2. Data curation and preparation of the texts of the training corpus (Q1-2)
The survey mentioned under Task 1 will list a.o. those novels that are already available digitally at Huygens Instituut or as raw OCR at the University of Tilburg where they are being considered for the SoNaR project. SoNaR is a project initiated by the STEVIN program for language and speech technology (http://lands.let.ru.nl/projects/SoNaR/description.html) and aims to create a 500 million word reference corpus of Modern Dutch written sources. Literary texts will be part of the corpus as well. Martin Reynaert (ILK – UvT), the coordinator of the work package Corpus Building in SoNaR, has suggested and agreed to the following task division: Huygens Instituut will digitize needed novels for the project The Riddle of Literary Quality (in house, no extra budget needed) and correct the OCR of relevant novels already scanned by Reynaert. Reynaert will cover the legal aspects of the electronic texts: the SoNaR team will put in time to arrange permission of inclusion of those digital texts into SoNaR. This means the texts can be legally used for any kind of research (which is especially relevant for research into literary quality, assuming that authors or publishers may not all be equally willing to give permission for their texts to be researched from the perspective of this topic). Methods for establishing text quality in general will be looked into.
3. Selection of low-level tools (measures and algorithms to apply) (Q1-3)
The relevant measures and patterns will be selected. The list will include such features as mean word length, mean amount of syllables per word, mean sentence length, mean paragraph length; lexical richness (measuring how many different words (dictionary entries) a text has, use and distribution of parts of speech, use of named entities, dialogue versus narrative, and any other that are suggested in the literature and e.g. available in the JGAAP set of tools (cf. Task 4,2b and http://evllabs.com/jgaap/w/index.php/Documentation and Juola 2006a, 2006b). Tools specifically developed for Dutch by the Induction of Linguistic Knowledge group at Tilburg University will also be used. They are available under an open source license GPL and will also be part of the webservices to be provided by CLARIN-NL (cf. http://www.clarin.nl). We will not go into this in detail now, but focus our description on the most innovative task in the project, Task 4.

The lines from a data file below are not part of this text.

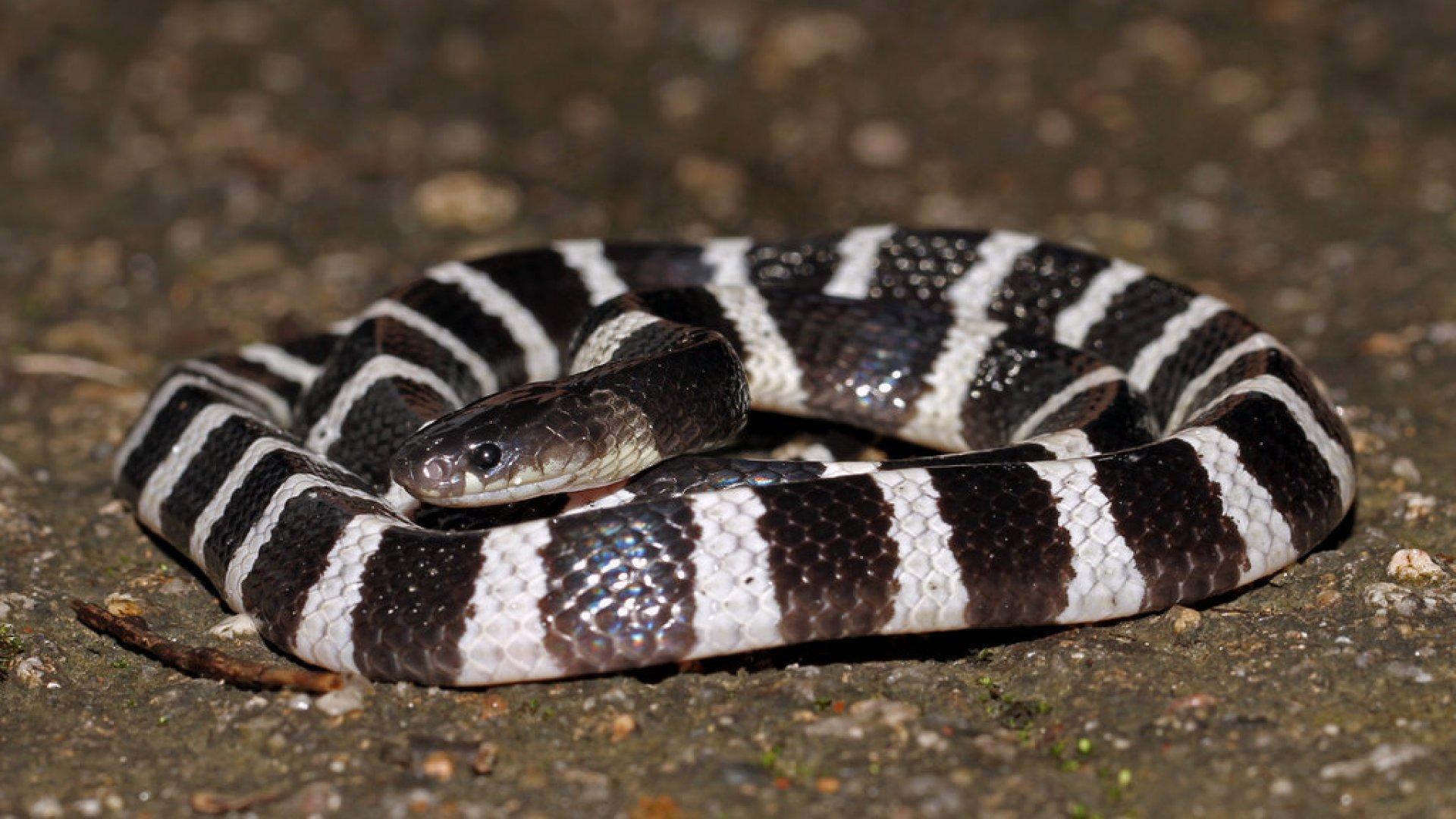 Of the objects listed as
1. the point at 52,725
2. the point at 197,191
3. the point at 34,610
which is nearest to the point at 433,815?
the point at 52,725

4. Selection and start of the development of the high-level tools (measures and algorithms to apply) (Q1-3 start, continuing throughout the whole project)

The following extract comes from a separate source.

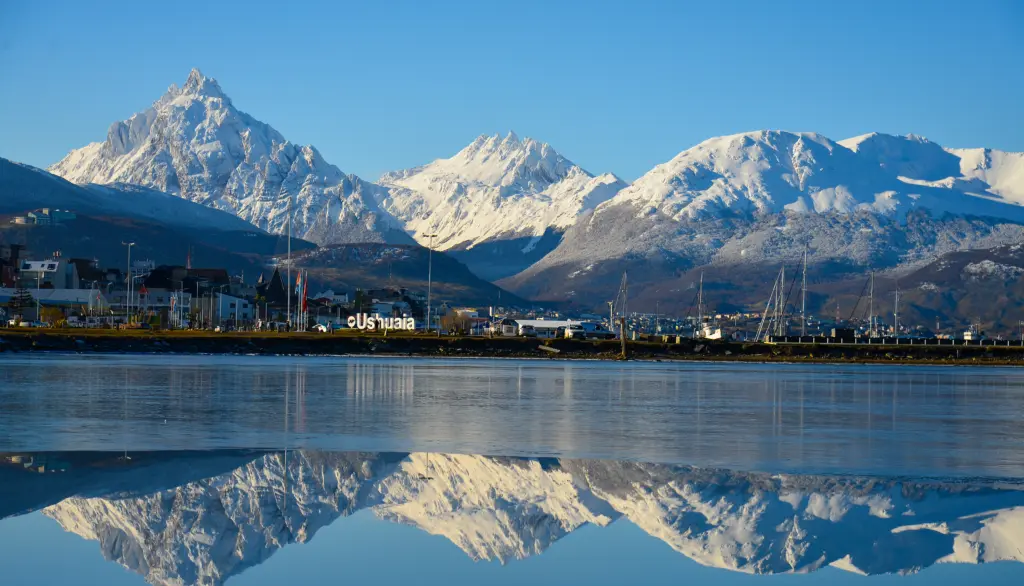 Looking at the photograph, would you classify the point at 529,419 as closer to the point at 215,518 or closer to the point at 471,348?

This task is the computationally most innovative part of the project, which is why we will describe it in more detail than the other tasks. The iterative aspect of the work process will be most prominent in this task. Work is started right at the beginning of the project and will continue through the whole four years of the project. Most of the work of the Postdoc and developer will go into this task.

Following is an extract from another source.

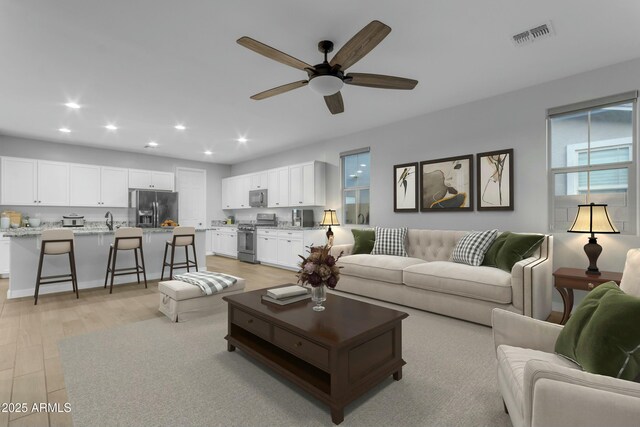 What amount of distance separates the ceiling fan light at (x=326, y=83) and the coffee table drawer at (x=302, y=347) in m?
1.99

The high-level tools will be based on Probabilistic Tree-Substitution Grammars (PTSGs) as developed within the Data-Oriented Parsing (DOP) framework (cf. Bod et al. 2003). PTSGs subsume Probabilistic Context-Free Grammars (PCFGs) when the syntactic dependencies are restricted to one level of constituent structure. The tools for learning PTSGs are available via the DOP homepage: http://staff.science.uva.nl/~rens/dop.html. PTSGs and PCFGs can be derived both in a supervised and in an unsupervised manner using flat, unannotated data (the latter known as U-DOP, see Bod 2007, 2009, Smets 2010). Since enough flat data is available for Dutch, it is preferable to use unsupervised parsing techniques (U-DOP), since it overcomes the problem of manually annotating training sets, while still being able to induce trees with syntactic categories (cf. Smets 2010). Both approaches will be tested, however. Given the success of the simplest PTSGs for style recognition (i.e. PCFGs tested by Raghavan et al. 2010), it is likely that models richer than PCFGs will enhance the prediction of style. To apply these tools and algorithms to the analysis of literary quality, the following extensions will be developed and tested:
(1) Develop and test the usefulness of various (novel) notions of syntactic complexity (as motivated above) for literary style/quality:
a. Define and test syntactic complexity as the number of nodes in a syntactic tree of an utterance normalized by sentence length: the more nodes per sentence-length, the more complex the syntax of the sentence. (This is a very simple metric, but will be useful as a baseline).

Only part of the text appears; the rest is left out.